WORK TASK: Hand back every line from the beginning of the data below through the line containing "Great job. Cut.", word for word and free of pictures.

DATA EXCERPT:
════════

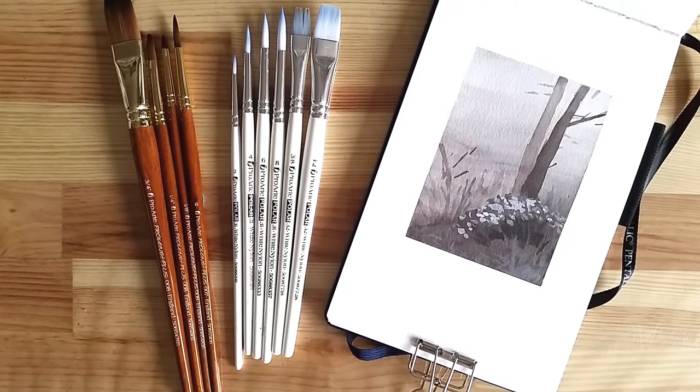I'm not exactly new to Pro Arte's Polar brushes, and I like them a lot. They are solid, springy synthetics that have always worked for me. The Proline Plus range is newer to me, but I'm eager to see how their softer bristles will play in the way I like to paint.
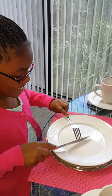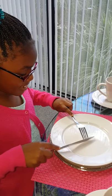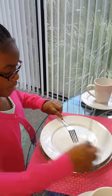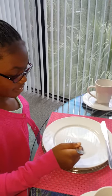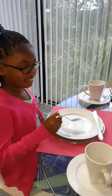Great job. Cut. Excellent job. Now, knife placement. And switch. Wow. So proud of you. Great job.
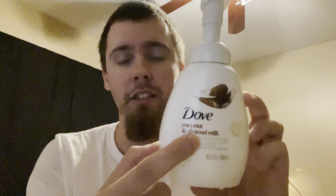Hello and welcome to another Soap Talks video. I'm finally getting around to talking about this one — I mentioned it in a previous video. This is the Dove Foaming Hand Soap in Coconut and Almond Milk fragrance.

════════

OUTPUT FOR THIS EXERCISE:
I'm not exactly new to Pro Arte's Polar brushes, and I like them a lot. They are solid, springy synthetics that have always worked for me. The Proline Plus range is newer to me, but I'm eager to see how their softer bristles will play in the way I like to paint.
Great job. Cut. Excellent job. Now, knife placement. And switch. Wow. So proud of you. Great job.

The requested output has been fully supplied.